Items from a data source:
=== Section Start ===
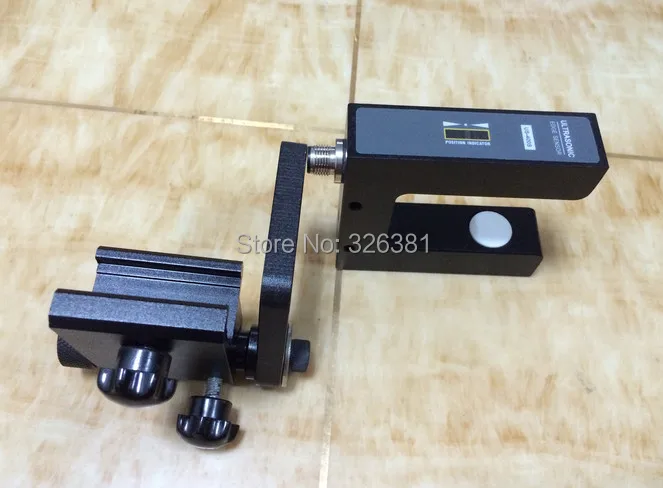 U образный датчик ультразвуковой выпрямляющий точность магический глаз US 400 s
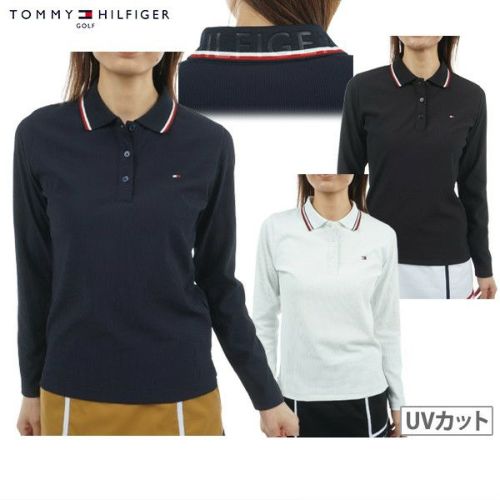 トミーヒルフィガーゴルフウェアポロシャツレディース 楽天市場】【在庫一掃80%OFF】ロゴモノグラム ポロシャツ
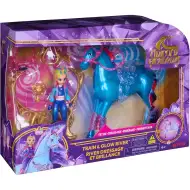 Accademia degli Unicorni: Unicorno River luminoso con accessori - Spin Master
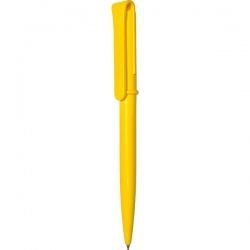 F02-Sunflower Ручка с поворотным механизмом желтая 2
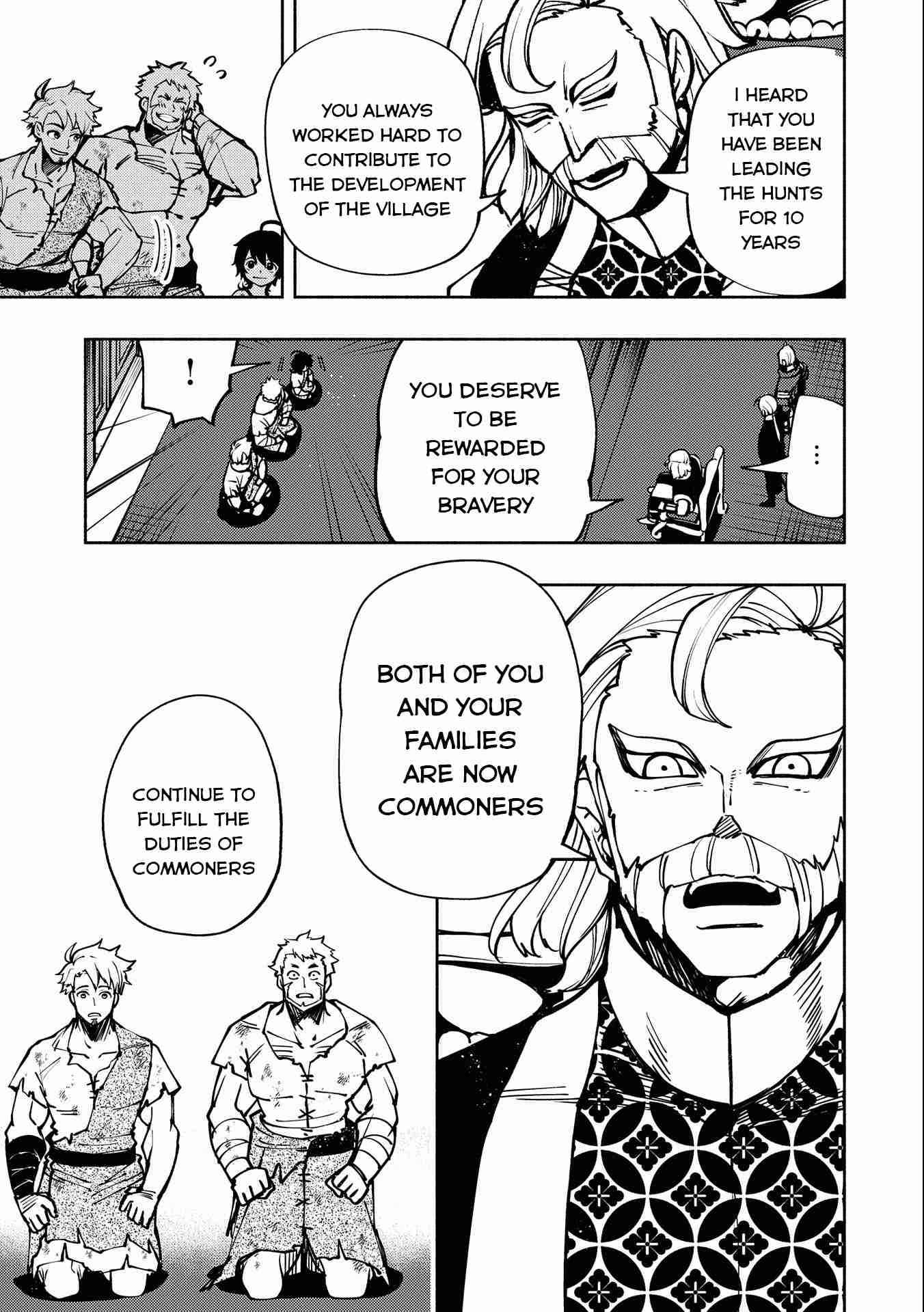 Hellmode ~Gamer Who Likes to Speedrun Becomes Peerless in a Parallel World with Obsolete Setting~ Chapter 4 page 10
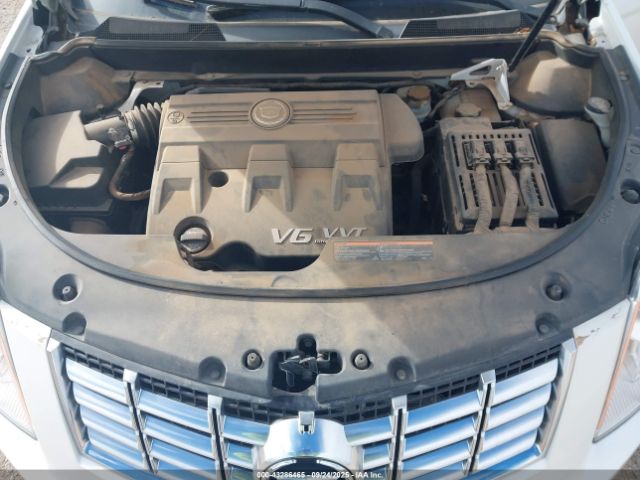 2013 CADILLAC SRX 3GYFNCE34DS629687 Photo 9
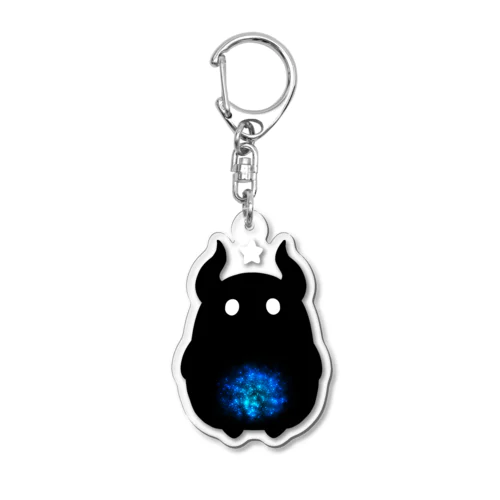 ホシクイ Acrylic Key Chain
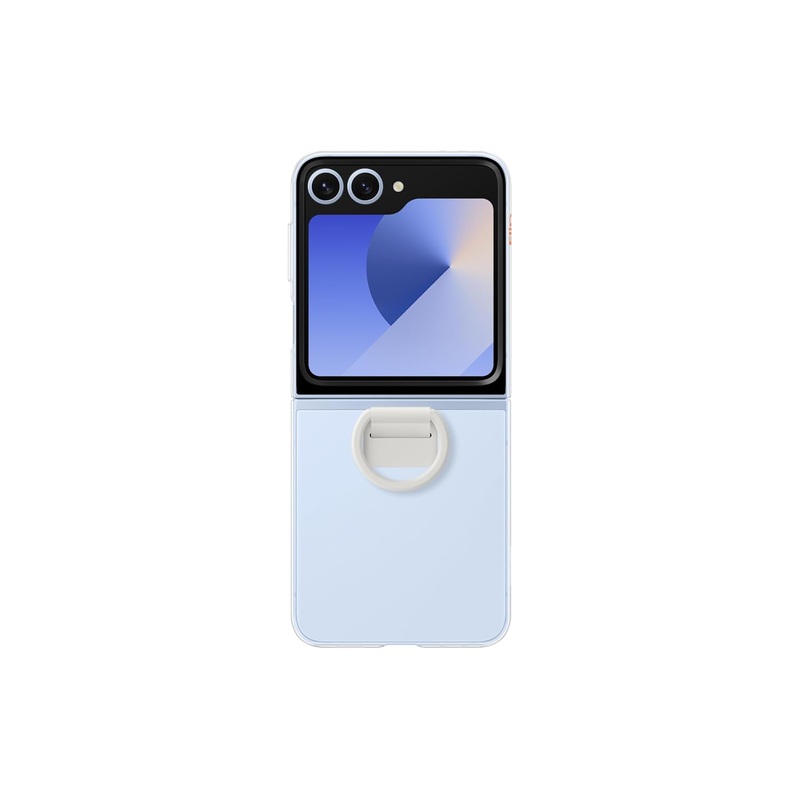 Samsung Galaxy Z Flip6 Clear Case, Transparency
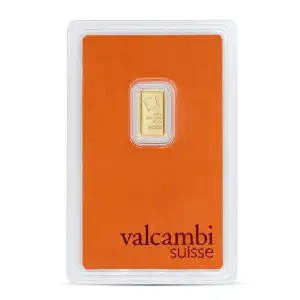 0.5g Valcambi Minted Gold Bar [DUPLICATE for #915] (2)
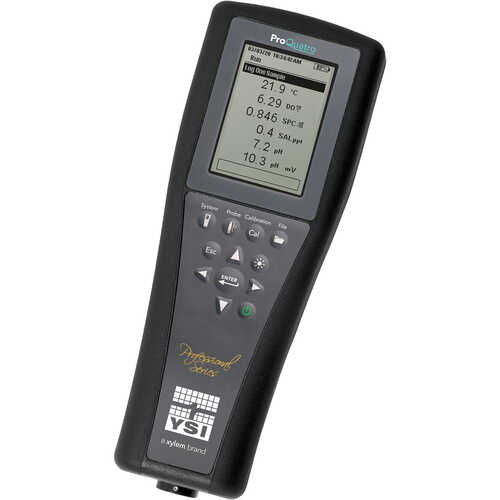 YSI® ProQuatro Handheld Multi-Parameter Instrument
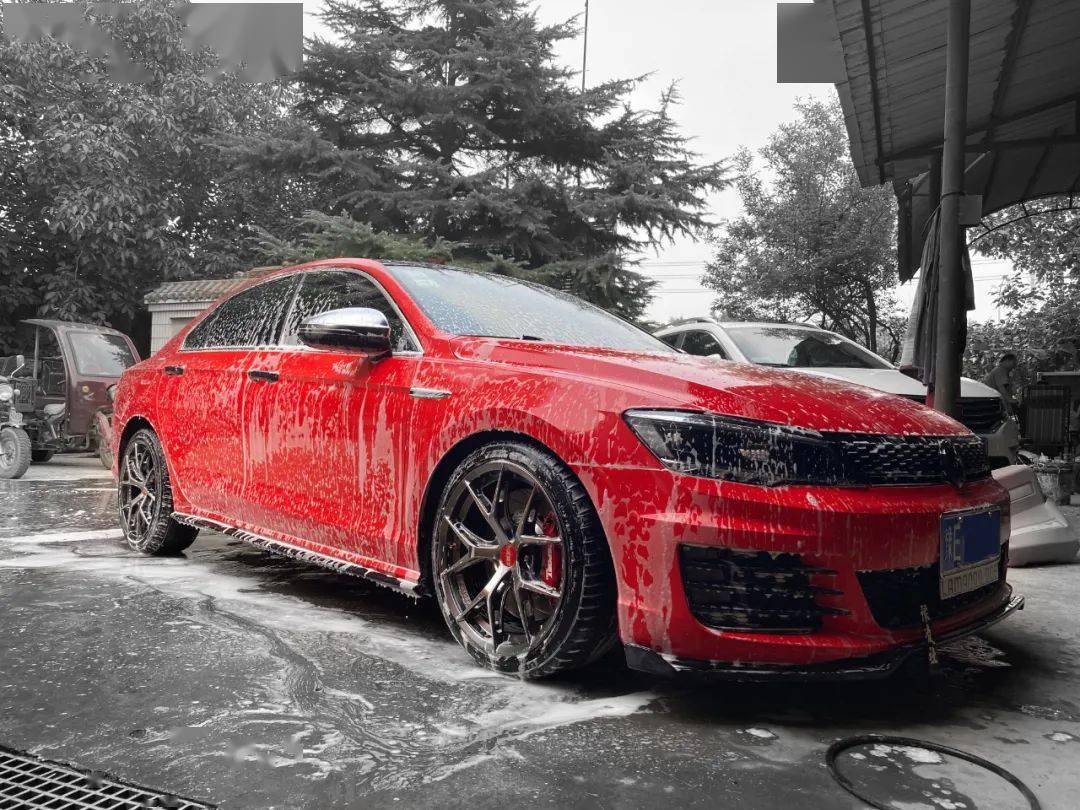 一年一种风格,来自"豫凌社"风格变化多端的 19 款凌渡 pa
=== Section End ===
• _Exercise details_: Output the data exactly, pictures omitted.

• _Written reply_:
 U образный датчик ультразвуковой выпрямляющий точность магический глаз US 400 s
 トミーヒルフィガーゴルフウェアポロシャツレディース 楽天市場】【在庫一掃80%OFF】ロゴモノグラム ポロシャツ
 Accademia degli Unicorni: Unicorno River luminoso con accessori - Spin Master
 F02-Sunflower Ручка с поворотным механизмом желтая 2
 Hellmode ~Gamer Who Likes to Speedrun Becomes Peerless in a Parallel World with Obsolete Setting~ Chapter 4 page 10
 2013 CADILLAC SRX 3GYFNCE34DS629687 Photo 9
 ホシクイ Acrylic Key Chain
 Samsung Galaxy Z Flip6 Clear Case, Transparency
 0.5g Valcambi Minted Gold Bar [DUPLICATE for #915] (2)
 YSI® ProQuatro Handheld Multi-Parameter Instrument
 一年一种风格,来自"豫凌社"风格变化多端的 19 款凌渡 pa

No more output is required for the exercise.